SUJATHA RAMDORAI, University of British Columbia,/ Tata Institute of Fundamental Research
Noncommutative Iwasawa theory and Hida families  [PDF]

This talk will be a survey on noncommutative Iwasawa theory. We will present some recent results and discuss the study on noncommutative Iwasawa theory for Hida families, which is joint work with J. Coates.

PETER SARNAK, Princeton University and The Institute for Advanced Study Princeton
The affine sieve and expanders  [PDF]

Many problems concerning the search for prime numbers can be formulated naturally in terms of orbits of a group of affine morphisms of n-space. We will explain this set up as well as the theory of the affine linear sieve, which thanks to a number of striking recent developments connected with "expanders", is now an effective theory. We highlight applications to classical Diophantine problems such as integral Apollonian packings.

CARL WIEMAN, University of British Columbia
Math Education in the 21st Century: Using the methods of science to improve learning  [PDF]

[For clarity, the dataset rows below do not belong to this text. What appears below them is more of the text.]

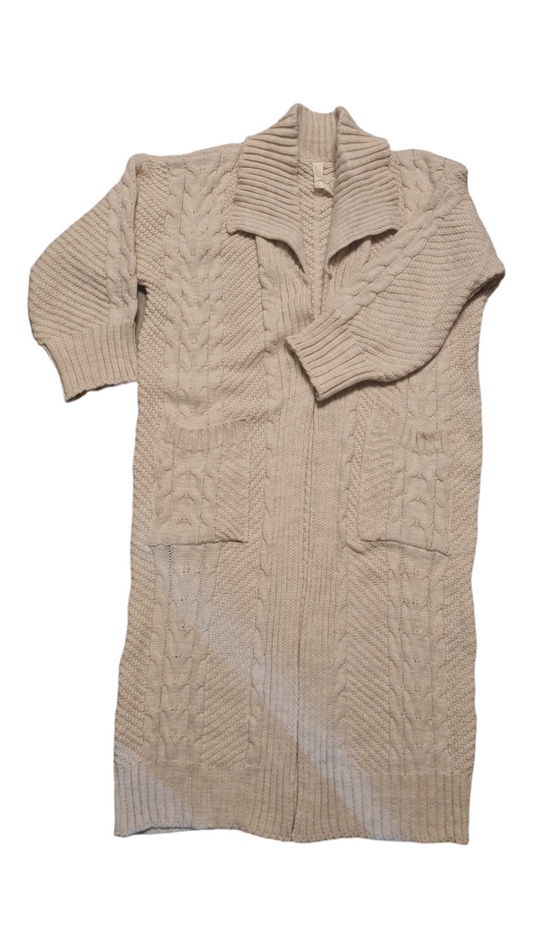 Ziva; Lang Gebreid Kabelvest dames met zakken - Beige.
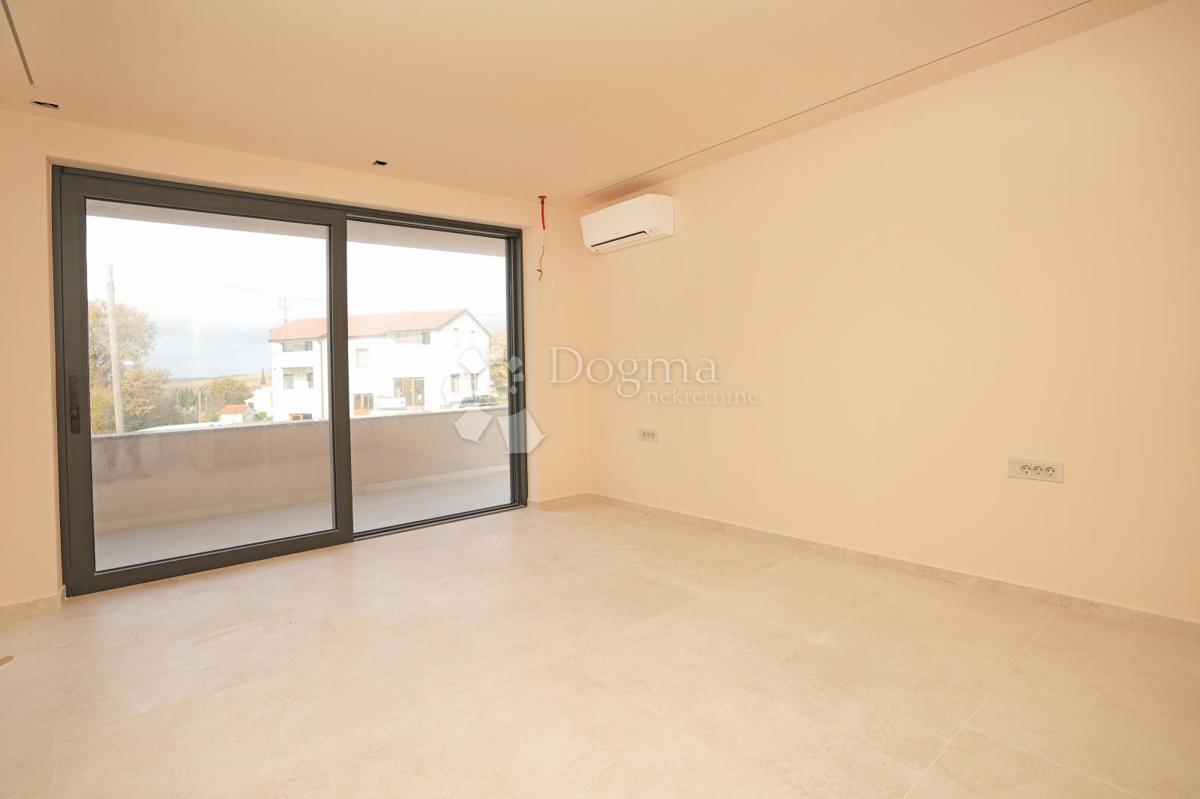 VILLA MODERNA CON PISCINA NELLA LOCALITÀ VICINO A POREČA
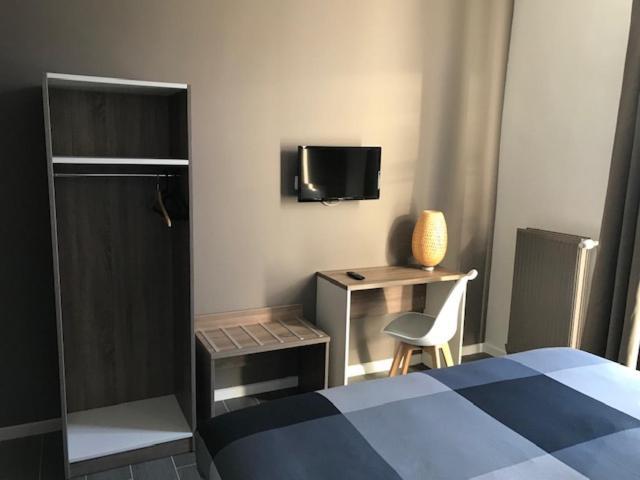 Hotel Stalingrad Brussel Buitenkant foto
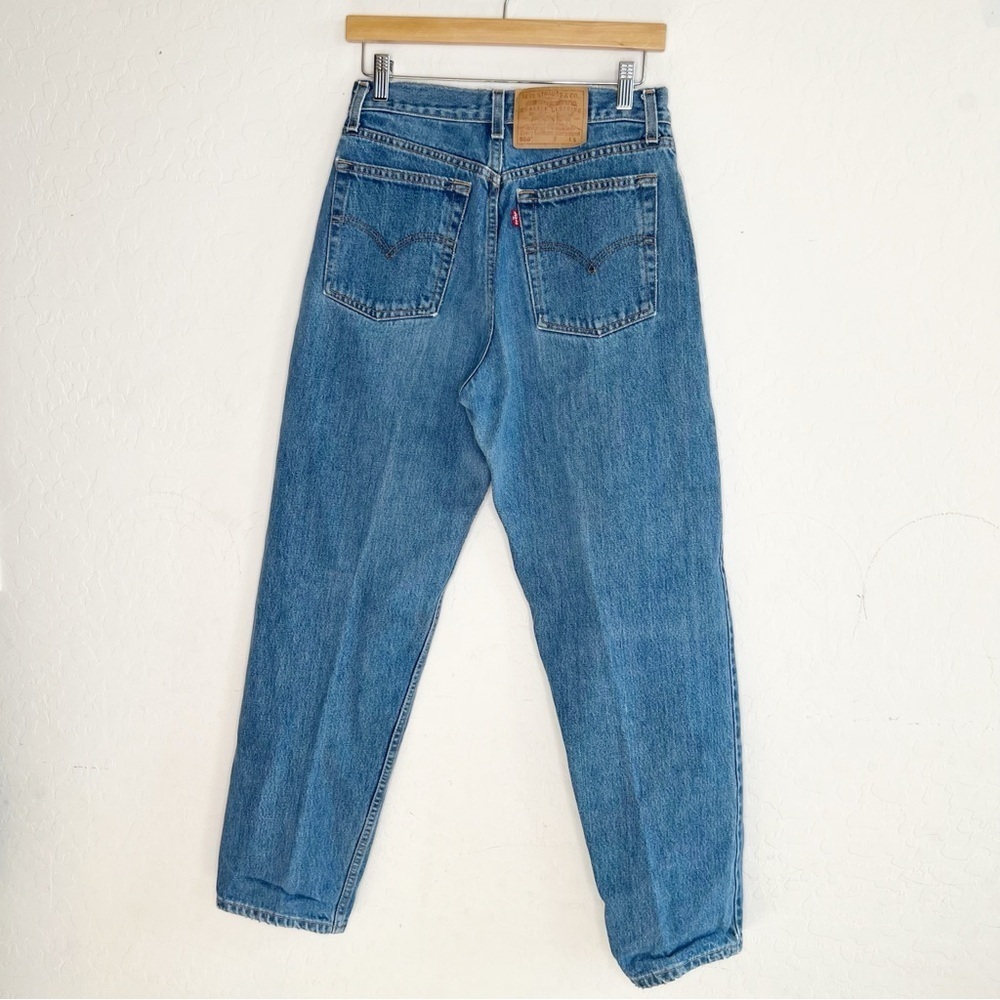 Levi’s 560 Y2K 2001 loose fit straight leg jean medium wash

Postsecondary math and science teaching have remained largely true to their medieval roots, while the disciplines themselves have advanced enormously. Modern society needs higher levels of general competence and specialized expertise in these fields. Research on how people develop expertise is providing new insights on how to provide more effective teaching. A number of teaching methods based on these insights have been tested in university classrooms. They have shown substantial improvements over the traditional lecture methods even as practiced by very good lecturers, particularly on measures that explicitly probe how well students are learning to reason like experts. I will discuss recent research on learning and these experiments demonstrating effective teaching methods.

TAMAR ZIEGLER, Technion
Patterns in primes and nilpotent groups  [PDF]

A classical theorem of Dirichlet establishes the existence of infinitely many primes in arithmetic progressions, so long as there are no local obstructions. In 2006 Green and Tao set up a programme for proving a vast generalization of this theorem (falling just short of proving the twin prime conjecture). They conjectured a relation between the existence of linear patterns in primes and dynamics on nilmanifolds. In recent joint work with Green and Tao we completed the final step of this programme.